Reproduce the data below word for word, setting aside any picture it holds.

Information shown
+ + + +

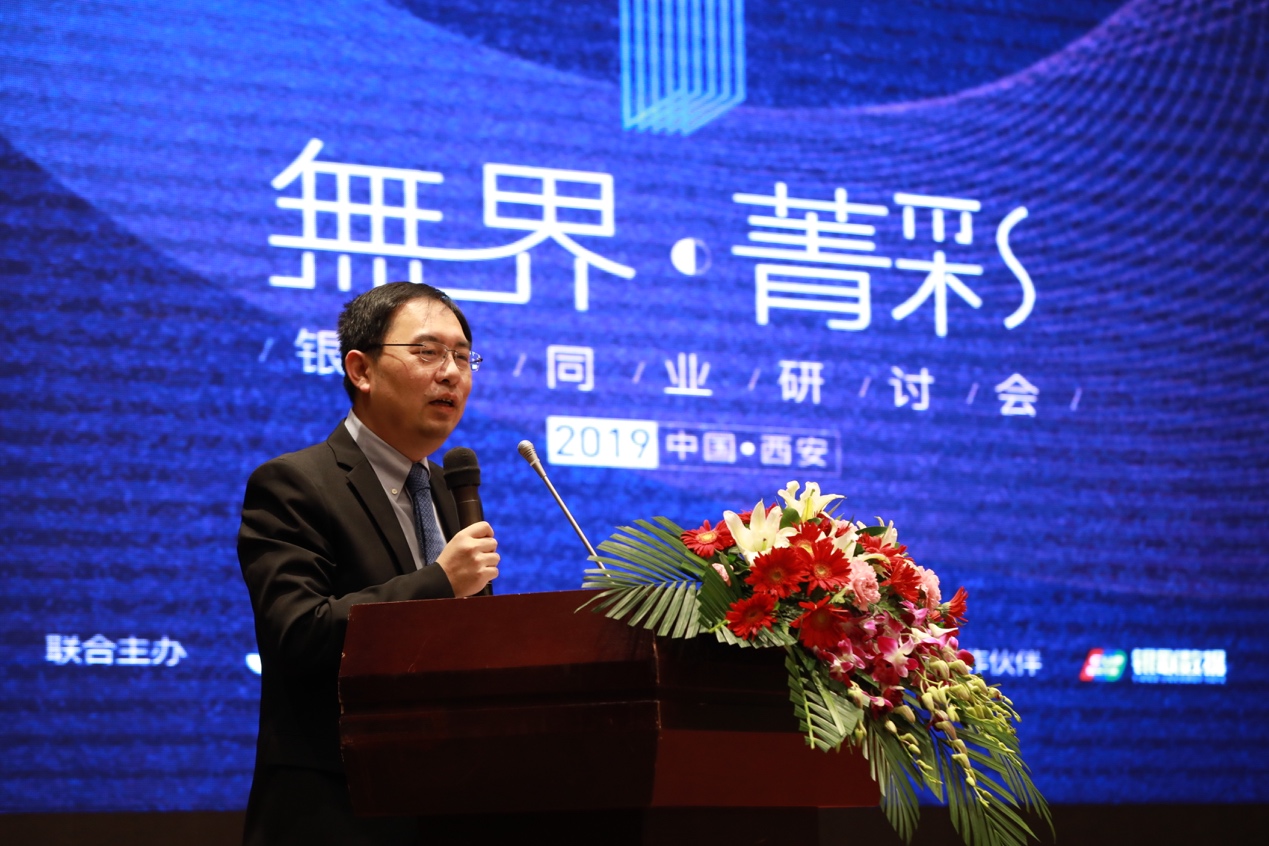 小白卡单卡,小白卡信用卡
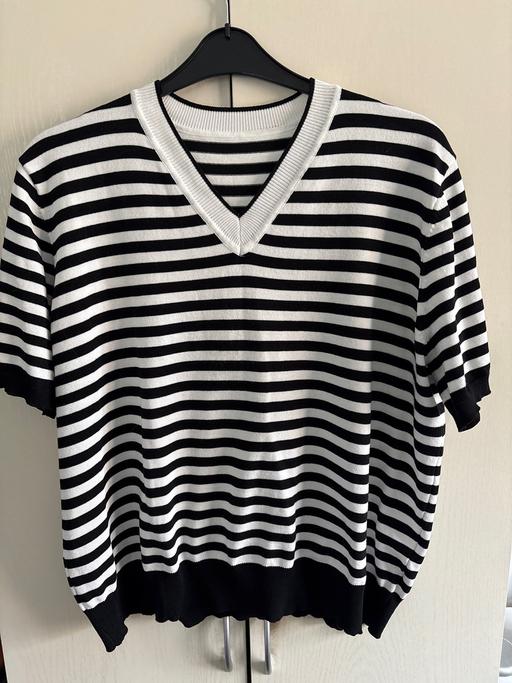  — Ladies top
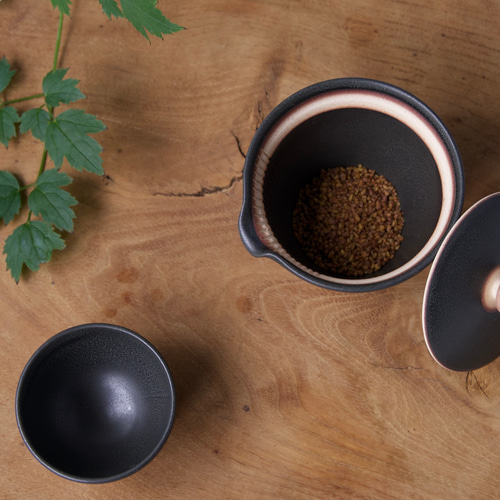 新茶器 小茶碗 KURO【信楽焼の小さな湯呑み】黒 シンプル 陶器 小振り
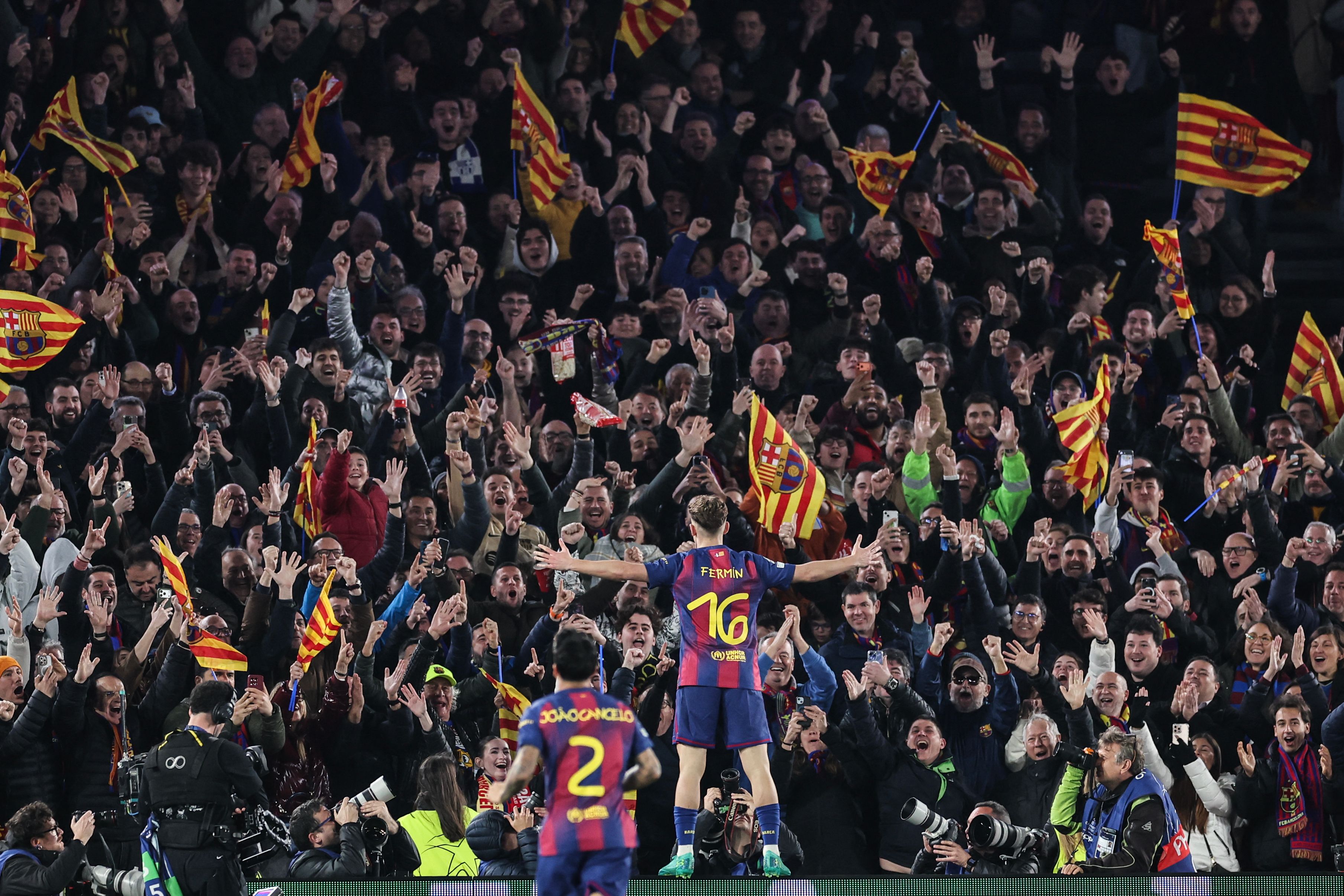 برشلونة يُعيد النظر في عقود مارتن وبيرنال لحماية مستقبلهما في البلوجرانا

+ + + +

Your solution
 小白卡单卡,小白卡信用卡
  — Ladies top
 新茶器 小茶碗 KURO【信楽焼の小さな湯呑み】黒 シンプル 陶器 小振り
 برشلونة يُعيد النظر في عقود مارتن وبيرنال لحماية مستقبلهما في البلوجرانا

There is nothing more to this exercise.